> **What to do**: The answer must reproduce all of the data below exactly and contain no images.

> **Data provided**:

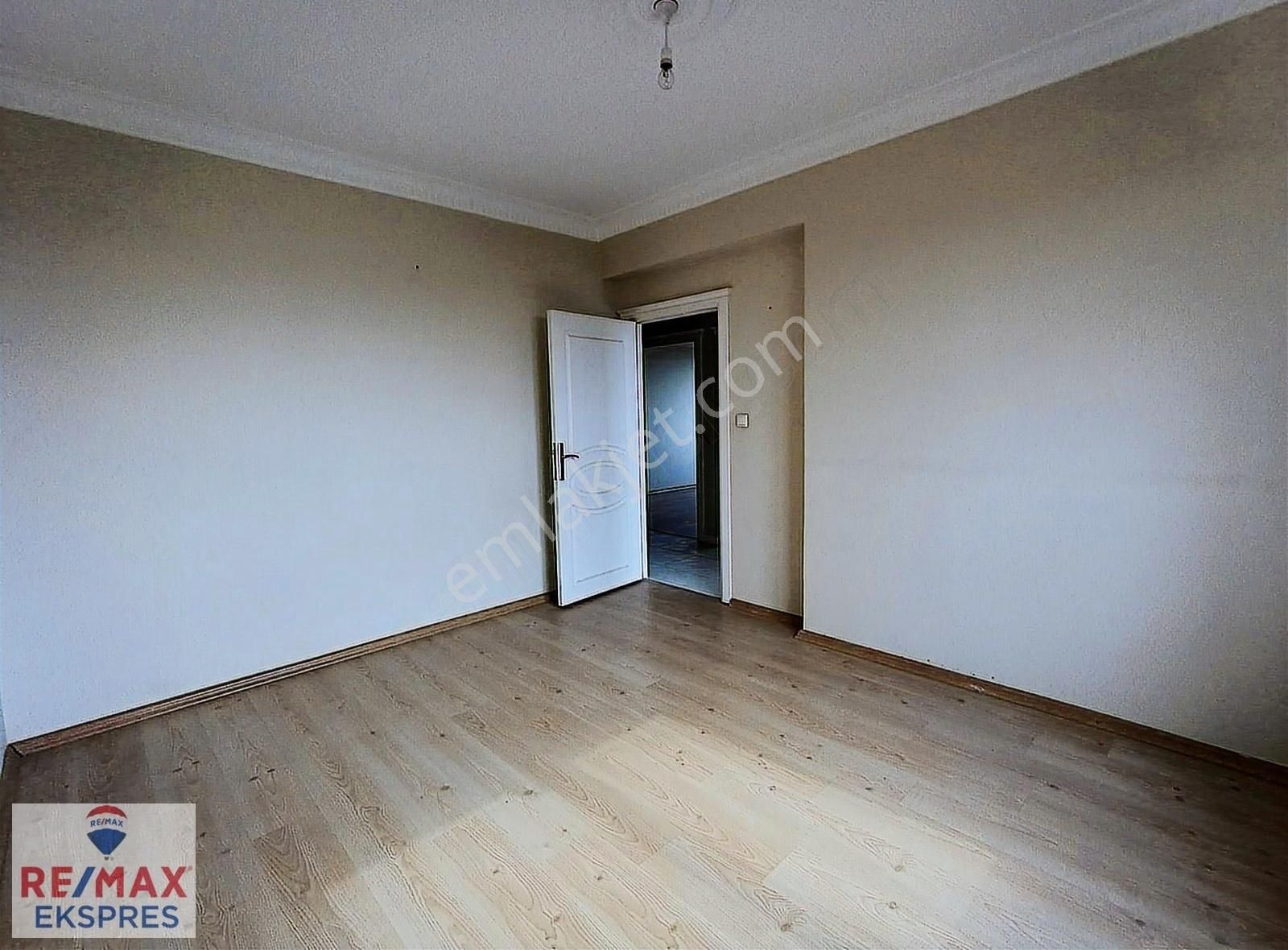 Bağcılar Varlık Konakları Güneşli'de Arakat Satılık 3+1 Daire - Görsel 5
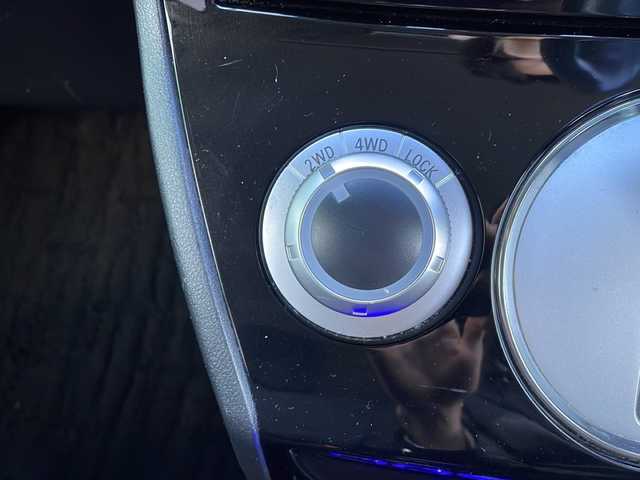 三菱 デリカＤ：５ D－Power package 岐阜県 2019(平31)年 7.8万km ウォームホワイトP/スターリングシルバーM 禁煙車/社外8型ナビ/フリップダウンモニター/バックカメラ/両側パワースライドドア/シートヒーター/パドルシフト/スマートキー/フォグランプ/HIDヘッドライト/オートライト/ルーフキャリア/リアラダー/マッドガード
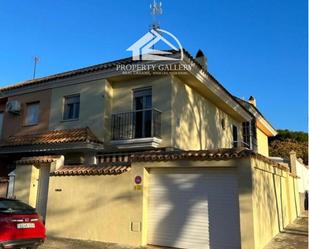 Vista exterior de Casa adosada en venda en Puerto Real amb Aire condicionat, Calefacció i Terrassa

> **Answer to this problem**:
 Bağcılar Varlık Konakları Güneşli'de Arakat Satılık 3+1 Daire - Görsel 5
 三菱 デリカＤ：５ D－Power package 岐阜県 2019(平31)年 7.8万km ウォームホワイトP/スターリングシルバーM 禁煙車/社外8型ナビ/フリップダウンモニター/バックカメラ/両側パワースライドドア/シートヒーター/パドルシフト/スマートキー/フォグランプ/HIDヘッドライト/オートライト/ルーフキャリア/リアラダー/マッドガード
 Vista exterior de Casa adosada en venda en Puerto Real amb Aire condicionat, Calefacció i Terrassa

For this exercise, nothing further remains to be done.